= About this task =
All of the data that follows should be retyped exactly, please, except the pictures.

= Data extract =
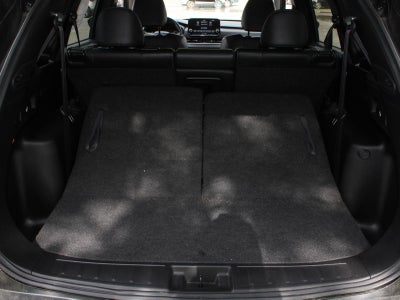 2024 Mitsubishi Outlander SE Black Edition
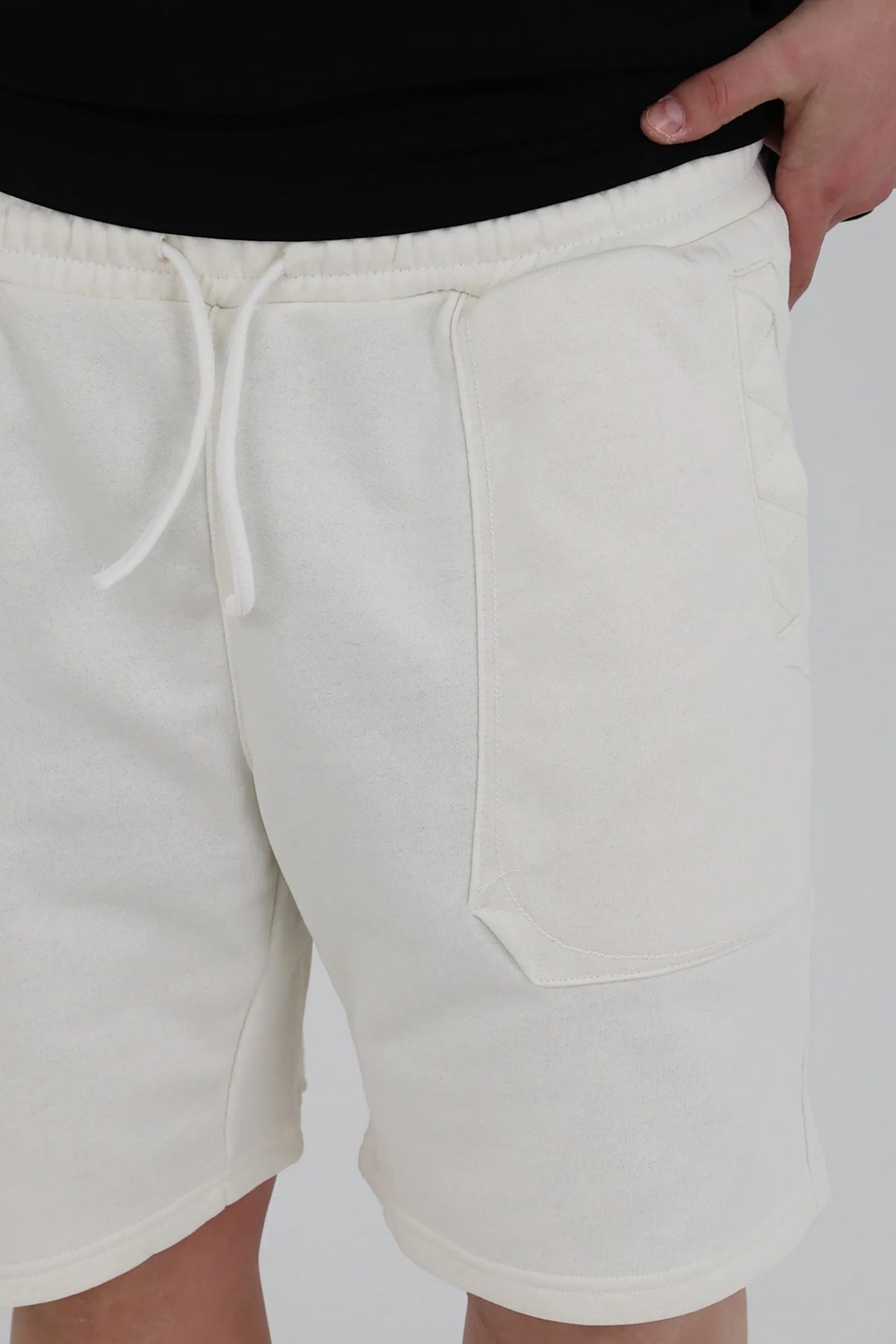 Pantallona fleece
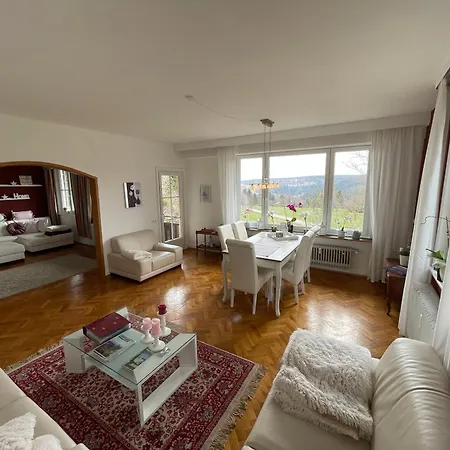 Apartament Panoramablick *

= Solution to this problem =
 2024 Mitsubishi Outlander SE Black Edition
 Pantallona fleece
 Apartament Panoramablick *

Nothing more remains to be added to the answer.